Potential presidential candidate Newt Gingrich quietly lined up $150,000 to help defeat Iowa justices who threw out a ban on same-sex marriage, routing the money to conservative groups through an aide's political committee.
Gingrich, the former U.S. House speaker who has aggressively courted the conservatives who dominate Iowa's lead-off presidential caucuses, raised the money for the political arm of Renewing American Leadership, also known as ReAL.
That political group, Renewing American Leadership Action, then passed $125,000 to American Family Association Action and an additional $25,000 to the Iowa Christian Alliance - two of the groups that spent millions before last November's elections that removed three of the state's seven state Supreme Court justices. The court had unanimously decided a state law restricting marriage to a man and a woman violated Iowa's constitution.
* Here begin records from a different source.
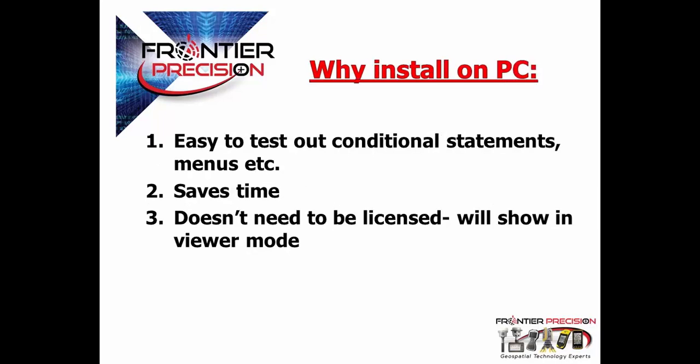You may be asking yourself, why do I want to install TerraSync on my PC when I have it on my Trimble handheld? Well, one of the benefits of having this on your PC is that it's easy to test out conditional statements, your menus, etc. to make sure that everything works.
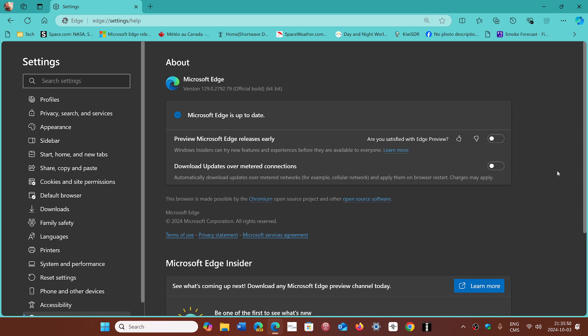So check it out if you are using Edge. Once again, if you are not using Edge, I do recommend that you go and check out if it updates because sometimes Microsoft is sneaky.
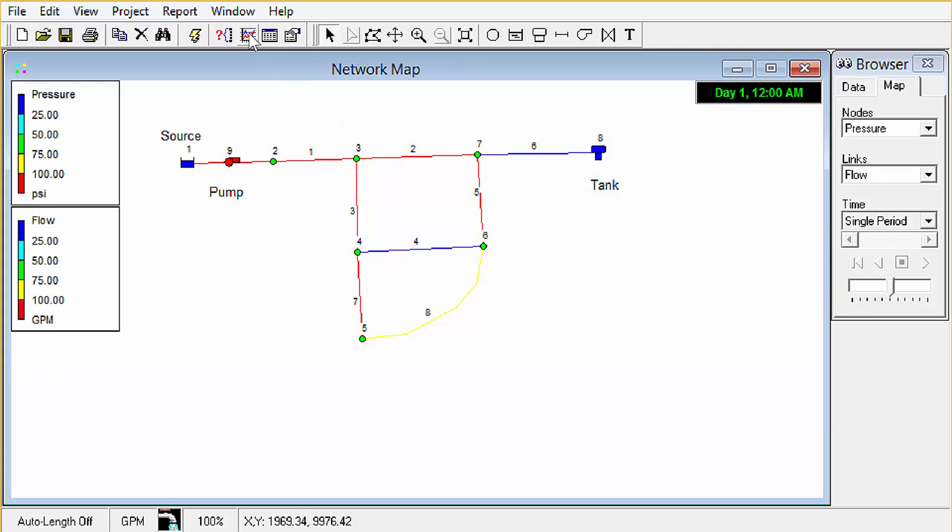We have a graph button here but that won't be useful until we run an extended period analysis which we'll do in the next video.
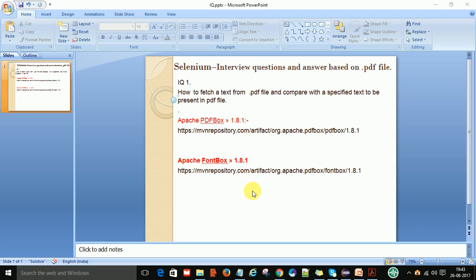To read a PDF file in Java we need two JAR files added to our project. The first is Apache PDFBox 1.8.1 — I'm referring to this version because it works well for reading PDF data — and the second is Apache FontBox 1.8.1. I have provided links from which you can download both the PDFBox and FontBox JAR files.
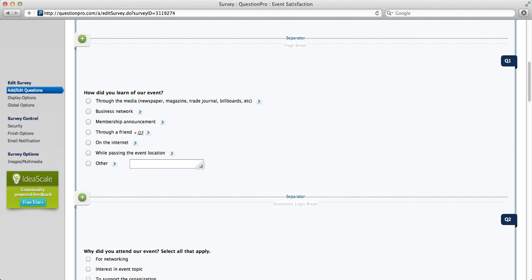Slider scale question types are great to use in your survey because they're easy to use and they're interactive. They work wonderfully on mobile devices as well as iPads and tablets.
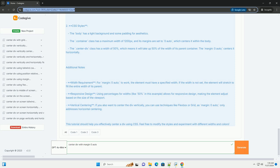2. CSS styles: The body has a light background and some padding for aesthetics. The .container class has a maximum width of 1200px, and its margins are set to zero auto, which centers it within the body. The .centerDiv class has a width of 50%, which means it will take up 50% of the width of its parent container. The margin zero auto centers it horizontally.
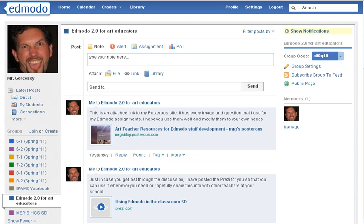Hello everyone. Today what I would like to do for this tutorial is show you how to send files and links to your students.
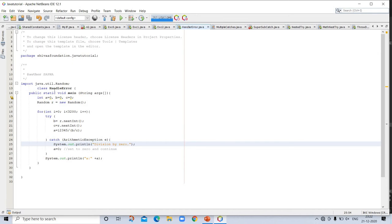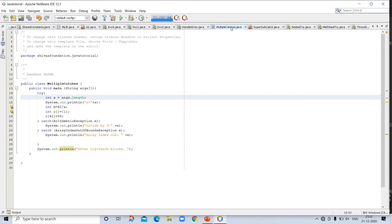Here is another example: import java.util.Random and class HandleError. This program handles an error and moves on. There is also an example of multiple catches, using try with both ArithmeticException and ArrayIndexOutOfBoundsException to monitor a block of code.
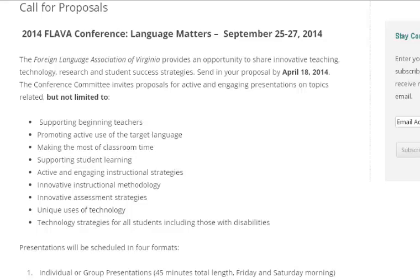The Foreign Language Association of Virginia provides an opportunity to share innovative teaching, technology, research, and student success strategies, and present your ideas to your peers at the FLAVA conference. Before you can present, you must submit a proposal with your ideas to the committee. This video is to help streamline the application process.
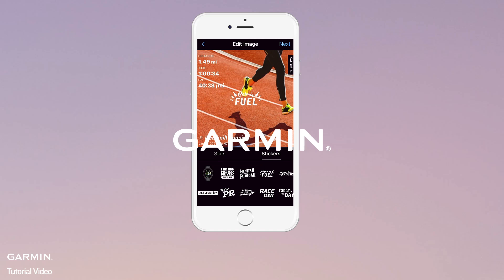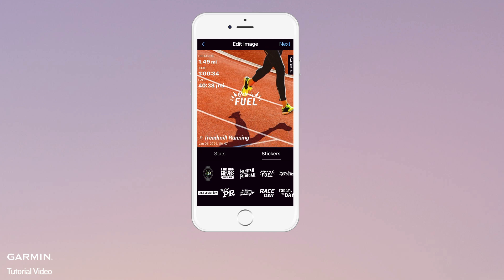In the Garmin Connect app, you can share any activity and customize it with photos as well as stickers that can be added right on the activity screen. Follow the instructions below to share an activity with photos and stickers.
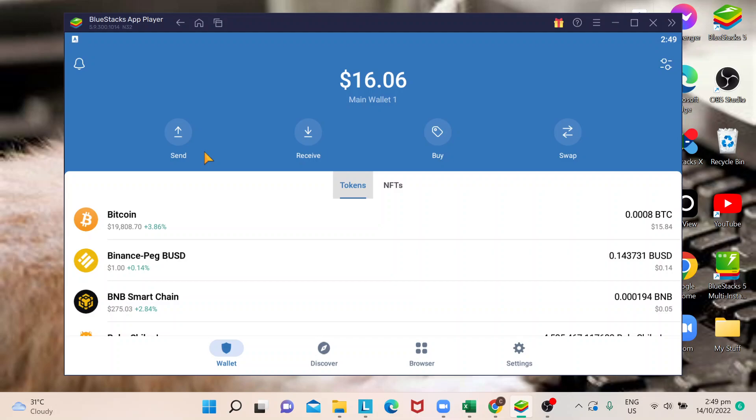But in this case, for you to withdraw money from Trust Wallet, you need to send first your crypto to your online exchange, for example the most popular is Binance, and then from there you can transfer that to your bank account.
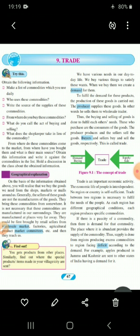You are supposed to make a list of commodities. For example: copies, pencil, toothbrush, towel, your clothes, your shoes — so many things which you are using in your day-to-day life. Apart from you and your family, who else uses these commodities? Next question: we are using all these commodities as consumers. Write the source of supply of these commodities — from where we are getting all these things. We are getting all these things from shops.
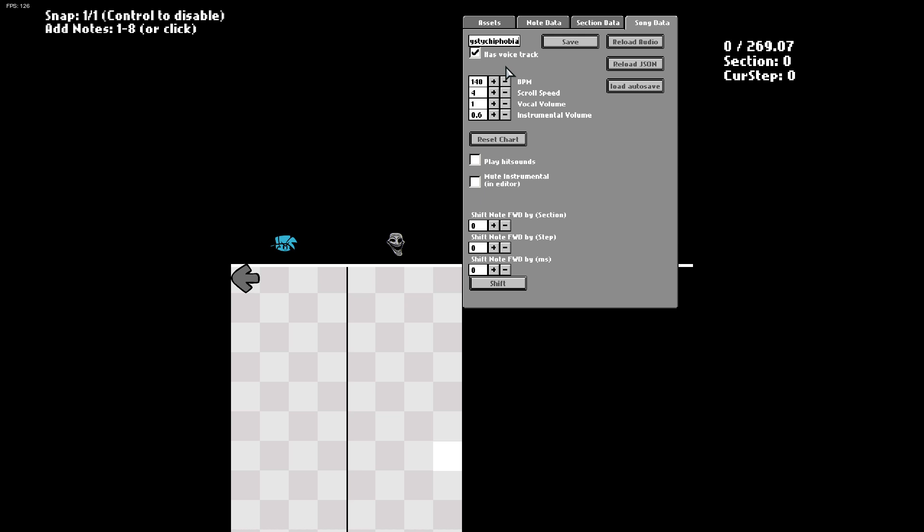I'm making sure that I have it right because there's a file inside of the files that is named that and it's another song. Reload audio, reload JSON.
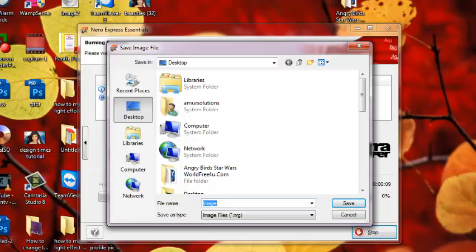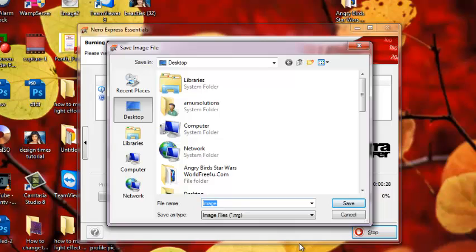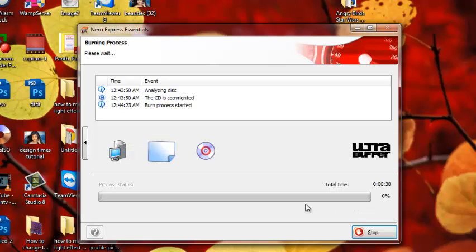After clicking the Copy button, a dialog box appears on your screen. It asks you for the path where you want to save the file. Click on the file name text box and put your name for the file, like WinXP, then click on Save.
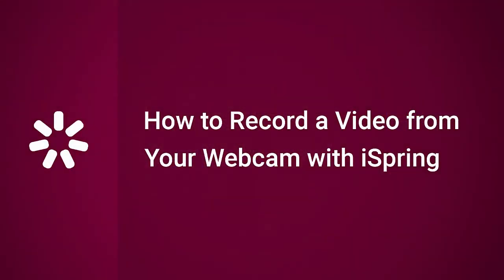Thanks for watching! Now you know how to add webcam video to your online presentation.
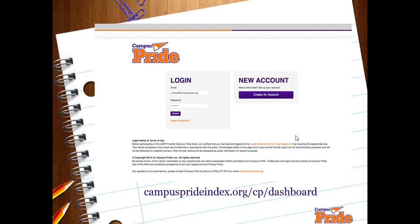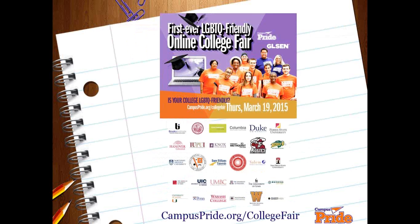The dashboard page is at campusprideindex.org/cp/dashboard where you can create an account or log in. You can have more than one user — if three people from your campus want accounts, all three can create one and be linked together under your campus name. Each person can complete a different part of the assessment or complete it together. That direct URL is campusprideindex.org/cp/dashboard.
The financial transfers, which appear to comply with campaign finance laws, were part of a steady flow of cash into Iowa from conservative groups such as the National Organization for Marriage and the Family Research Council.
The spending comes as Gingrich is seeking to make allies among social conservatives who drive the caucuses, though some voters might question whether an outsider should be raising money for a contentious ideological fight confined to one state.
Presidential candidates regularly raise money for state legislators as a way to ingratiate themselves. But Gingrich's behind-the-scenes role in one of the nation's most contentious ballot measures last year was unusual. There are a number of companies and nonprofits that Gingrich founded or lent his credibility to after his resignation from Congress.
Gingrich's longtime spokesman Rick Tyler serves as chief of ReAL Action, the political arm of a sister organization that operates with the goal of preserving "America's Judeo-Christian heritage by defending and promoting the three pillars of American civilization: freedom, faith and free markets." Gingrich has no legal role in the operations, although he carries the title of honorary chairman and lends his name to fundraising. The group's website, in turn, promotes Gingrich's books, television appearances and films.
Gingrich's involvement with the plan to oust the justices started last year when he met privately with hundreds of pastors and their spouses. The effort seemed tailored for social conservatives, whose support Gingrich will need if he is to mount a credible campaign in Iowa and who may hesitate to back the thrice-married candidate.